Diese ziemlich verwirrende Entdeckung machten manche Museumsgründer zu Anfang des 19. Jahrhunderts, also zu der Zeit, da jene hybriden institutionellen Praktiken entstanden, die wir heute als Museum bezeichnen. Interessanter als der Fall München, wo man anläßlich der Errichtung eines Gebäudes für die Antikensammlung des Bayrischen Königs lieber ein neues Wort erfand, nämlich Glyptothek, als 'Museum' zu verwenden, ist Berlin, wo im Zuge der Errichtung und Planung des Königlichen Museum dieses Wort plötzlich verdächtig und umstritten ist. Aber dann doch gewählt wird, obwohl man in der kurz aufflammenden Kontroverse argumentiert, daß "die Alten" so etwas, was hier in Berlin gerade entstehe, nie gekannt hätten.
Das war eine Einsicht, die man auch heute nicht anders formulieren könnte. Aber dennoch hielt man in Berlin an 'Museum' fest - im Namen einer nicht näher erläuterten 'älteren' Bedeutungsschicht.
Ich vermute, daß man die wörtliche Bedeutung meinte und diese aktualisierte: Museum ist die lateinische Form des Griechischen Museion und das ist der "Musensitz", der Ort, an dem sich die Musen aufhalten und wo sie im Medium Tanz und Gesang Götter- und Gattungsgeschichte erzählen.
Die Musen (ihre Zahl ist da noch ganz unbestimmt), Töchter der Göttin der Erinnerung, Mnemosyne und des Zeus sind also so etwas - und das ist etwas historisch Neues - wie ein kollektives Gedächtnis.

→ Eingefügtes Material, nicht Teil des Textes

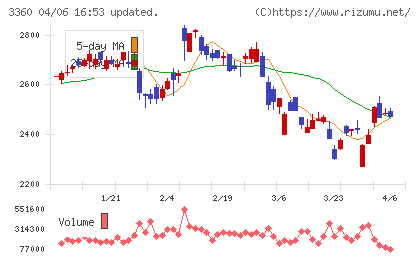 シップヘルスケアホールディングスチャート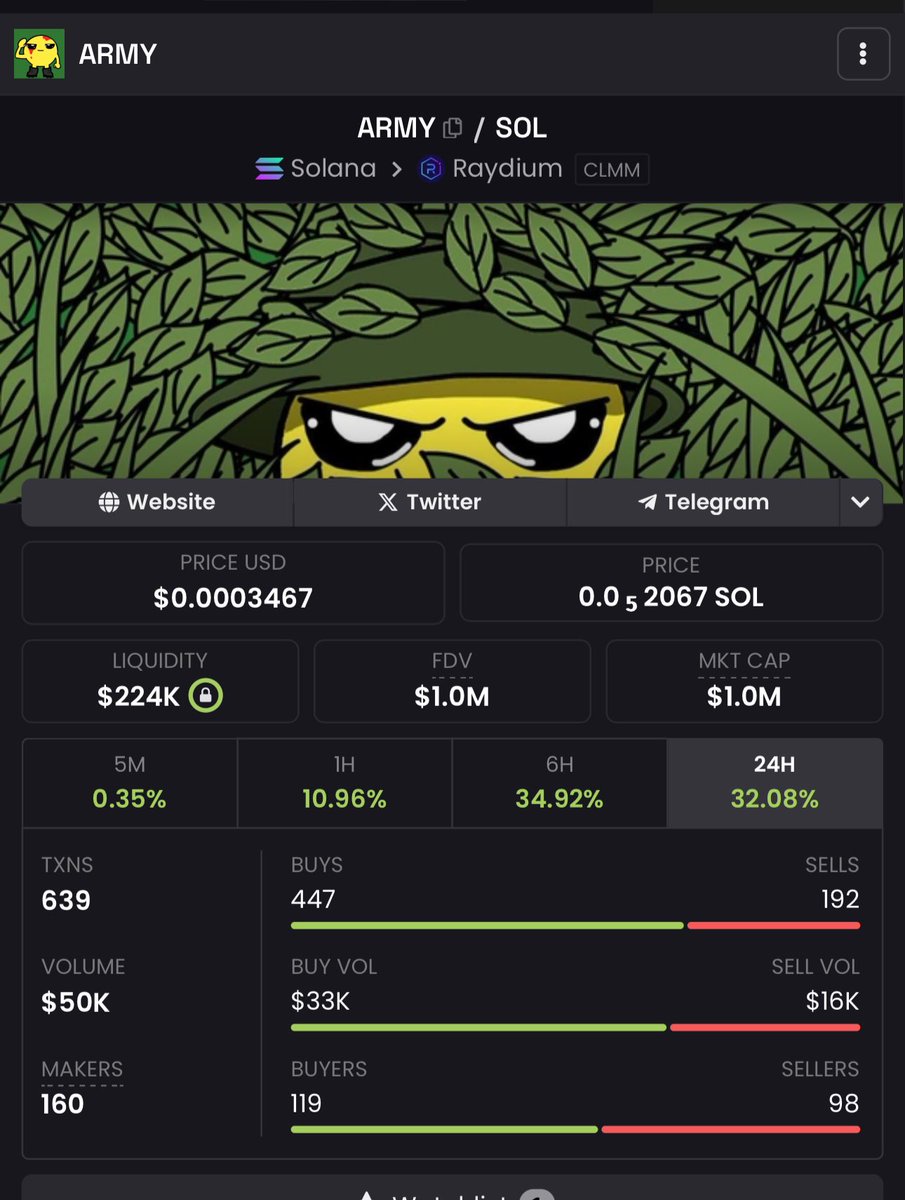 Back to 1M  MC , 2M MC see ya soon 🚀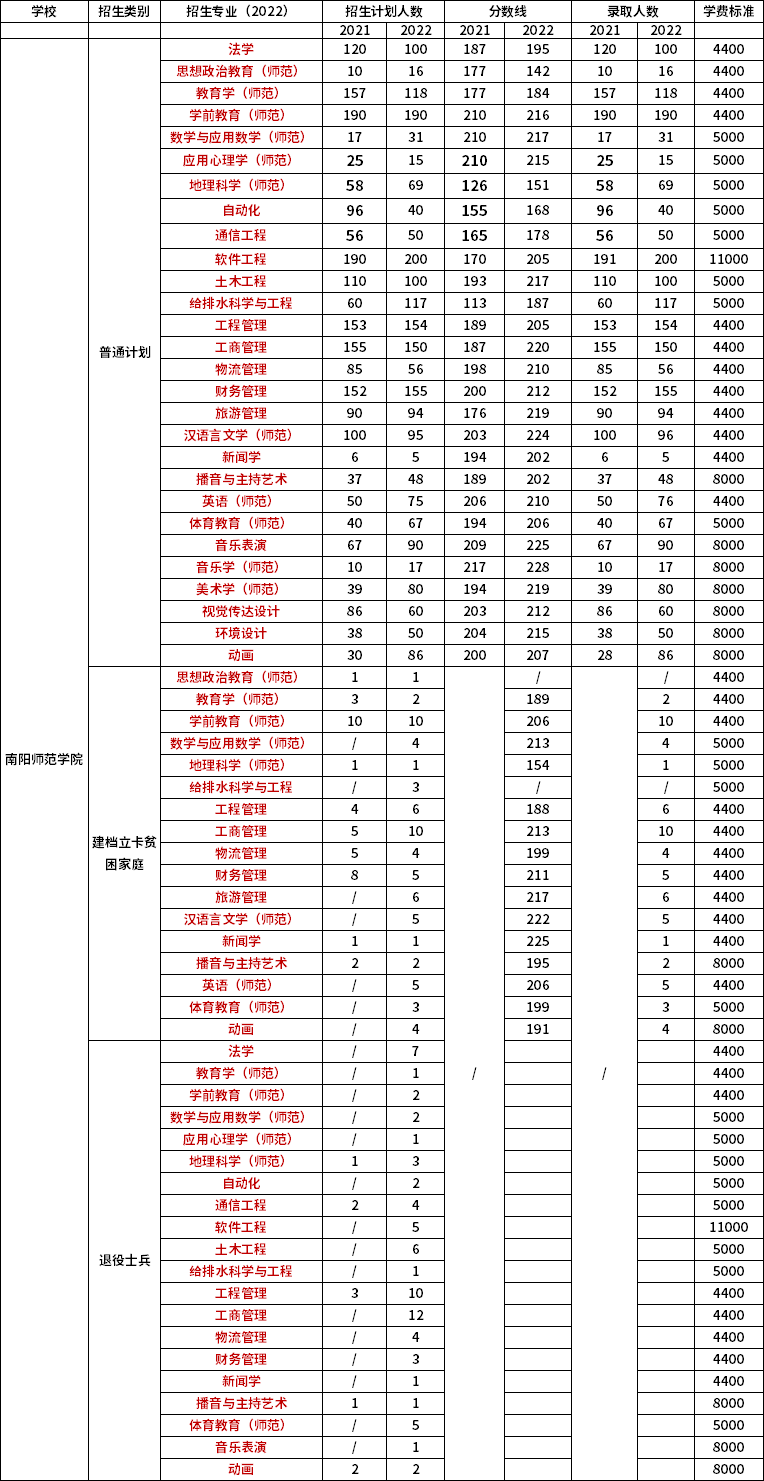 2021年-2022年南陽(yáng)師范學(xué)院專升本招生專業(yè)對(duì)比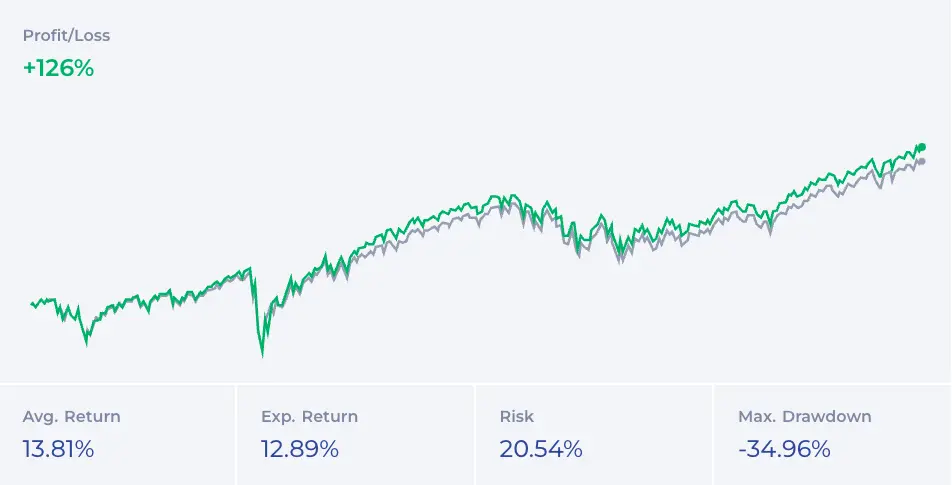 Stocks Portfolio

Die Musen erzählen Vergangenheit und Deuten Zukunft und versammeln das in der Gegenwart, an einem Ort der sowohl imaginär wie topografisch konkret sein kann: Das Museion. Eine Wiese, ein Hain. Ein vage bezeichneter und ebenso vage lokalisierbarer Platz.
Dieser Ort ist meist einer in der freien Natur, wo es weder Gebäude (etwa einen Tempel) gibt noch - das schon gar nicht - eine Sammlung von Gegenständen. Die Musen singen und tanzen, sie sammeln nicht. Ihr Gedächtnis ist das lebendige der gesprochen Sprache, nicht der Buchstabe des fixierten Textes.
Wenn man in Berlin "Museum" mit "Ruheort" übersetzt, könnte man das als Historisierung der Kunst verstehen. Im Rückgriff auf den Gedächtnisort des Museion und des Gedächtnismediums Musen wäre dann im Museum Kunst ein Gedächtnismedium, erst einmal eines ihrer eigenen Geschichte, die ab nun - chronologisch-kanonisch - das Sujet, der "Gegenstand", der Inhalt des Museums wäre.
Die allmähliche Transformation des Musenmythos, den er in der Antike durchmacht, hat mehrere Aspekte. Einer ist die - konfliktreiche, als Krise des Gedächtnisses in der Philosophie der Antike thematisierte - Ablösung des lebendigen Gedächtnisses, des 'liebenden Eingedenkens' -, durch ein technisches, das sich vom Sprecher und damit von Zeit und Ort lösen kann. Also die durch die Erfindung des Alphabets mögliche und damit auch transgenerationelle 'Monumentalisierung' des Gedächtnisses im Aufzeichnungsmedium Text. Da wurde schon eine für unsere Ohren ganz zeitgenössisch klingende Debatte geführt, ob die Aufzeichnungsmedien nicht das lebendige Gedächtnis zerstörten. Und das taucht ja auch tatsächlich in der Museologie als Frage auf: zerstört Musealisierung von Dingen nicht genau jene Erinnerung (mit den Funktionen), die einmal mit Objekten verknüpft waren? Ist das Aufbewahren von Objekten im Interesse der Erinnerungsfähigkeit nicht eine Zerstörung alles dessen, was einmal mit ihnen an Wissen, Emotionen, Handhabungen usw. verknüpft war. Also im Grunde ein Vergessen?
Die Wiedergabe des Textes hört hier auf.